- [WORK ORDER]: Copy out the lines of the records below, and only those lines, from the one with "And there it" through the one with "iMovie can import", exactly as they appear.

Segment Open

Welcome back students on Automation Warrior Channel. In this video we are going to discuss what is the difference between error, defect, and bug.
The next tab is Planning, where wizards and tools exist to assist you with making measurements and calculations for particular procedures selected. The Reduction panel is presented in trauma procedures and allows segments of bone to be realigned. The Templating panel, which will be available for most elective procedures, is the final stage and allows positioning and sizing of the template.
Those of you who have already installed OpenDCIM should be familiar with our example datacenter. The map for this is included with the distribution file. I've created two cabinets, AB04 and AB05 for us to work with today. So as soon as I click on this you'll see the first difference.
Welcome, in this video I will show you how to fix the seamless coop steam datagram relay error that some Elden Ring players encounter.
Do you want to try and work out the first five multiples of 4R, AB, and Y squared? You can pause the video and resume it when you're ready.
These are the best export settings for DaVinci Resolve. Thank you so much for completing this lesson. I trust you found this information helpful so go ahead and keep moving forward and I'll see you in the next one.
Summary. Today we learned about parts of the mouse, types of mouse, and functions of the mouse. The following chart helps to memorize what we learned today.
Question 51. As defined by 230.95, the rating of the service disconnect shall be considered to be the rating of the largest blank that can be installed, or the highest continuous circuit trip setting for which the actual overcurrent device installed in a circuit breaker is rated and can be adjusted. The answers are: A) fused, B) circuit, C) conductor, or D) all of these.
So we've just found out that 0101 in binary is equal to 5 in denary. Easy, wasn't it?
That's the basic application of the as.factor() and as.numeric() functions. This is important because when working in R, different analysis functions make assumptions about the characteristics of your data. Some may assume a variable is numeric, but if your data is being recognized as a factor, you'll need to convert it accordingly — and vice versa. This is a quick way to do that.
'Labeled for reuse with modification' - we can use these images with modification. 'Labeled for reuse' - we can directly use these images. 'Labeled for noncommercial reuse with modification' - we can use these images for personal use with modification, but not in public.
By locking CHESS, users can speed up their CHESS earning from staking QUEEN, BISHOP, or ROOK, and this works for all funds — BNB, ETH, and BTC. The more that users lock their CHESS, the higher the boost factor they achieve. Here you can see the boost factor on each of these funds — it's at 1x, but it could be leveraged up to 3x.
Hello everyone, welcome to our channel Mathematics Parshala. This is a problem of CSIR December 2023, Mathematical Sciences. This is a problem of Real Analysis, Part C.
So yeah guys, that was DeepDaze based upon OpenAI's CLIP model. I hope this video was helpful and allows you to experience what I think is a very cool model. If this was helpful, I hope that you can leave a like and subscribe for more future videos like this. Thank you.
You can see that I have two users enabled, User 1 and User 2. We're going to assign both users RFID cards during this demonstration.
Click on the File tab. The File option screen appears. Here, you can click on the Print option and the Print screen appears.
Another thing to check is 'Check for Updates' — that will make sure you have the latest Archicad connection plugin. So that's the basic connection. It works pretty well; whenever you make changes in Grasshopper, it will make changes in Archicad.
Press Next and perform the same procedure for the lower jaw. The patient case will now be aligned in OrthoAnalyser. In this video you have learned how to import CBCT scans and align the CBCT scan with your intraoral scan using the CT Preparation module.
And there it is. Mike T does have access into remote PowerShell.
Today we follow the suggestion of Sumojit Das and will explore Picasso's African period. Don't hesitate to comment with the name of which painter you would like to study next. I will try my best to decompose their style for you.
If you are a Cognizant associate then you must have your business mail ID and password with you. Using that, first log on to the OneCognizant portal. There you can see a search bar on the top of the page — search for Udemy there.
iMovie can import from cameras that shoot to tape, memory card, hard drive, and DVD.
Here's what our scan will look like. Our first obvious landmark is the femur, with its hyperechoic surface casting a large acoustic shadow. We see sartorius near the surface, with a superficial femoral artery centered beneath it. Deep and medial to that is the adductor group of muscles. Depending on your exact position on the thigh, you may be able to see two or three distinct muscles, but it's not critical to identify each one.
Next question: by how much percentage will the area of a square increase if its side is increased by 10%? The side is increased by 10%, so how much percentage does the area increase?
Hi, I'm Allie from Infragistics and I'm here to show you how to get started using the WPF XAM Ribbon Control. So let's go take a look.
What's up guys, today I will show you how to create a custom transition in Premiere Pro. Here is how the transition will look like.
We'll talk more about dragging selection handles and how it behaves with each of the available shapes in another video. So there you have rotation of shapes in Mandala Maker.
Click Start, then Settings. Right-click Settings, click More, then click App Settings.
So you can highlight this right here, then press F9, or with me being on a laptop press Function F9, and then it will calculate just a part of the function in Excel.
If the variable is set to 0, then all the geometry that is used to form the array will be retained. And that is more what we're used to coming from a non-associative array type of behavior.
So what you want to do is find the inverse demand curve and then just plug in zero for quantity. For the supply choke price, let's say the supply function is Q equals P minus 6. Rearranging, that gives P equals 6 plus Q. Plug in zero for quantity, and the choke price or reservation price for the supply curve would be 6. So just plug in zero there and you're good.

Segment Closed

- [WRITTEN RESPONSE]:
And there it is. Mike T does have access into remote PowerShell.
Today we follow the suggestion of Sumojit Das and will explore Picasso's African period. Don't hesitate to comment with the name of which painter you would like to study next. I will try my best to decompose their style for you.
If you are a Cognizant associate then you must have your business mail ID and password with you. Using that, first log on to the OneCognizant portal. There you can see a search bar on the top of the page — search for Udemy there.
iMovie can import from cameras that shoot to tape, memory card, hard drive, and DVD.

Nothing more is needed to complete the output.